TASK ITEM:
Write out the data exactly, please, and omit the pictures.

AVAILABLE DATA:
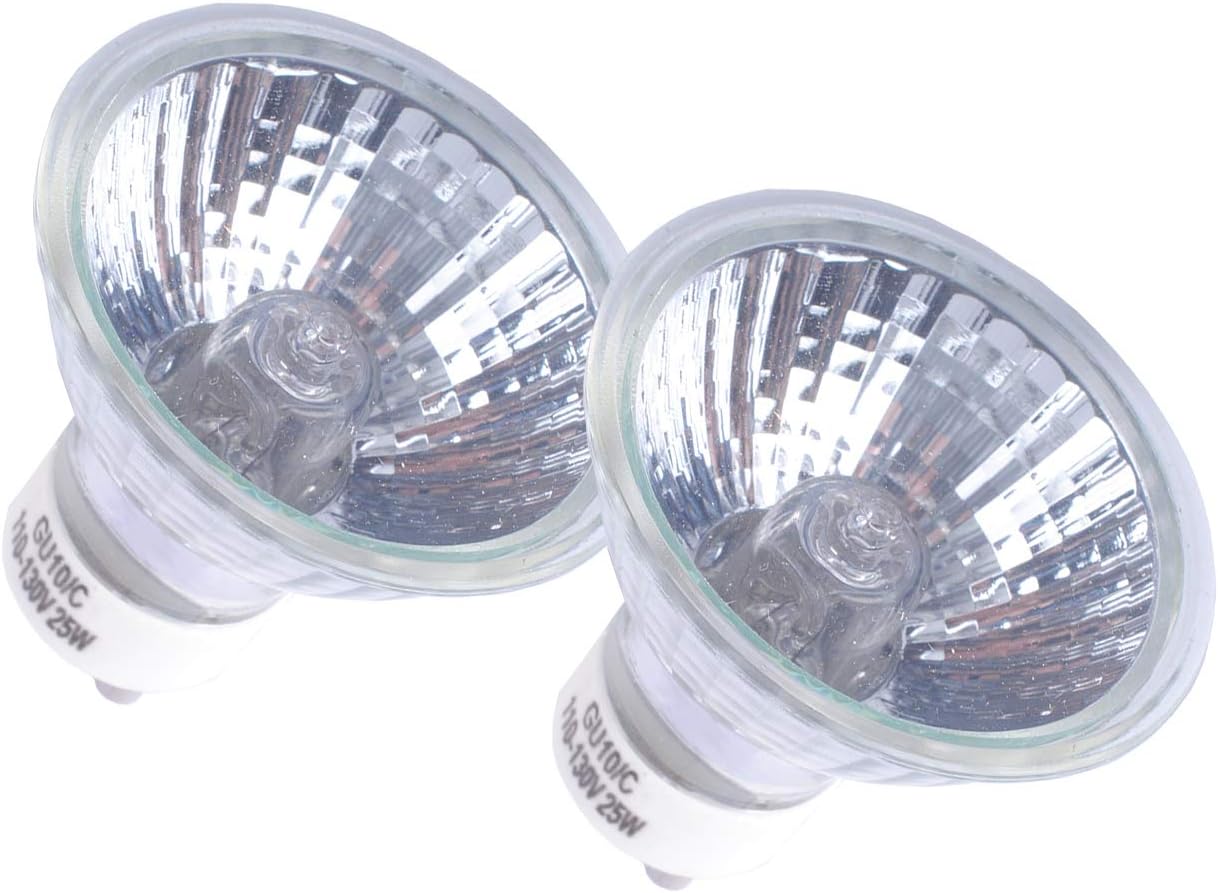 NP5 Bulb Replacement, GU10 Base Bulb 25W, 120V Halogen Bulb Lamp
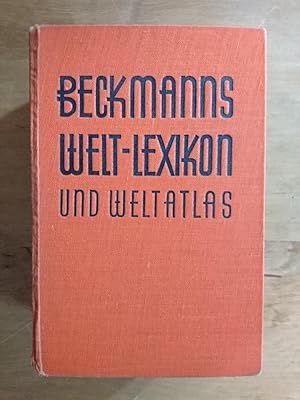 Beckmanns Welt-Lexikon und Welt-Atlas A - Z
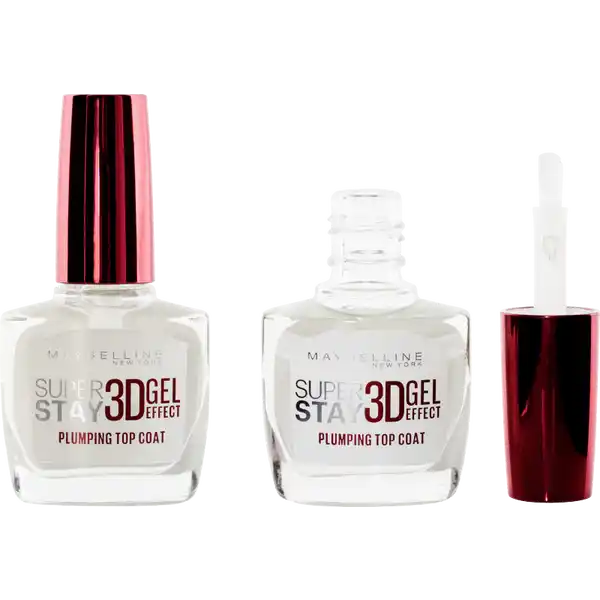 Super Stay 3D Gel Effect Plumping Top Coat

SOLUTION:
 NP5 Bulb Replacement, GU10 Base Bulb 25W, 120V Halogen Bulb Lamp
 Beckmanns Welt-Lexikon und Welt-Atlas A - Z
 Super Stay 3D Gel Effect Plumping Top Coat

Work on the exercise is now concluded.